Star Wars Episode II: Attack Of The Clones


Directed by: George Lucas
Written by:George Lucas, Jonathan Hales
Starring: Ewan McGregor, Natalie Portman, Hayden Christensen, Ian McDiarmid, Samuel L. Jackson, Christopher Lee
Released: May 16, 2002
Grade: B+

Since we last left Anakin, Obi-Wan and Amidala, ten years have passed and the grand Galactic Republic has begun its disintegration.  It has become divided with a growing number of members joining forces with a new movement led by Count Dooku (Lee), known as the Separatists.  Any hope to reach a democratic solution is lost and after the much loved Amidala (Portman) is attacked at the Republic’s head city, Coruscant, she is asked to return back to her home world of Naboo where she will be safe.

Escorting her home is Anakin Skywalker (Christensen), the rising Jedi apprentice who has always had a crush on Amidala but has not seen her since his induction to the Jedi order.  Obi-Wan (McGregor) is hesitant to give a Jedi with little experience such an important task but Yoda and Windu (Jackson) ask it to be so.  Further, Obi-Wan sees arrogance developing in Anakin and doesn’t believe he can be trusted to uphold the Jedi reputation without guidance.
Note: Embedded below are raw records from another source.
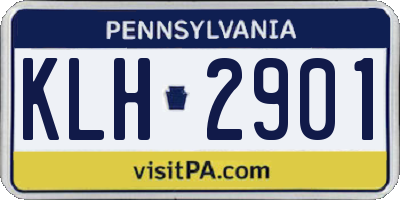 PA license plate KLH2901
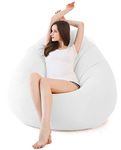 Casa Copenhagen Premium Leather Bean Bag Chair, Filled with Beans | Capacity: Upto 7 Ft Height, 200 KG Weight | 4XL | Super White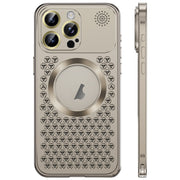 For iPhone 16 Pro Spring Buckle MagSafe Magnetic Metal Aromatherapy Phone Case(Grey)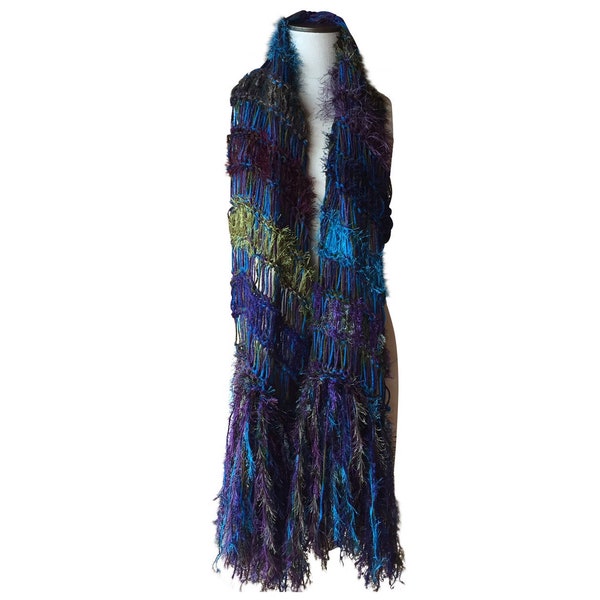 Peacock Wrap Long Scarf with Fringe in Purple, Teal Blue, Green (Shawl Large Scarf)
Spending time alone, Anakin and Amidala sense the attraction in one another but Amidala knows that their love cannot ever be accepted and refuses his advances.  Meanwhile, Obi-Wan has travelled to the secret planet of Kamino where he finds that ten years ago, a fellow Jedi orchestrated a massive clone army to be created.  Confused by the massive undertaking, he meets a tracks down a bounty hunter named Jango Fett who he follows to the planet of Genosis.  There, he finds the Separatists developing a similar army of their own, under the direction of Darth Sidious, to destroy the Republic once and for all...

Can you reach a point where you have too many special effects?  Take for an example where Anakin and Amidala have a “roll in the hay” to the backdrop of a waterfall.  Or the gladiator battle scenes towards the end.  Knowing in the back of your head that it’s all a computer generated myth detracts from the excitement and the adventure.  The film’s obvious highlights are the finale’s light saber battles.  These contain few visual effects, no silly looking characters - it’s just two men in one-on-one combat and that’s the valuable spirit that was more evident in the original Star Wars trilogy.

The dialogue is stiff and constricting.  There’s a few sharp one-liners but people are way too serious in what should be a fun movie.  Before entering the gladiator arena, Anakin and Amidala admit their feelings for each other and in what should be the film’s romantic highlight, I was stunned by the lack of passion in their words and actions.  Christensen was selected for the role to play opposite Portman because George Lucas saw a natural attraction between them.  Where was this attraction on screen?  And can I ask the obvious question - how come Portman looks the same as she did in The Phantom Menace?

Favouring the film is a meaningful story that has more substance than the usual Hollywood action flick.  The film takes it time in developing the conflict and characters but the final hour is a fast-paced thrill ride that gives the film an adrenaline charge.  Still, there were very few moments (apart from perhaps the last ten minutes) that generated much audience reaction in my cinema.

Bottom line, where’s the fun and where’s the emotion?  I was entertained by some elements and disappointed by others.  The noticeable absence of Jar-Jar Binks in this film shows that Lucas is listening to the public’s criticisms.  Hopefully, he’ll take many of the above comments into consideration before treating us to the much darker final instalment when released in 2005.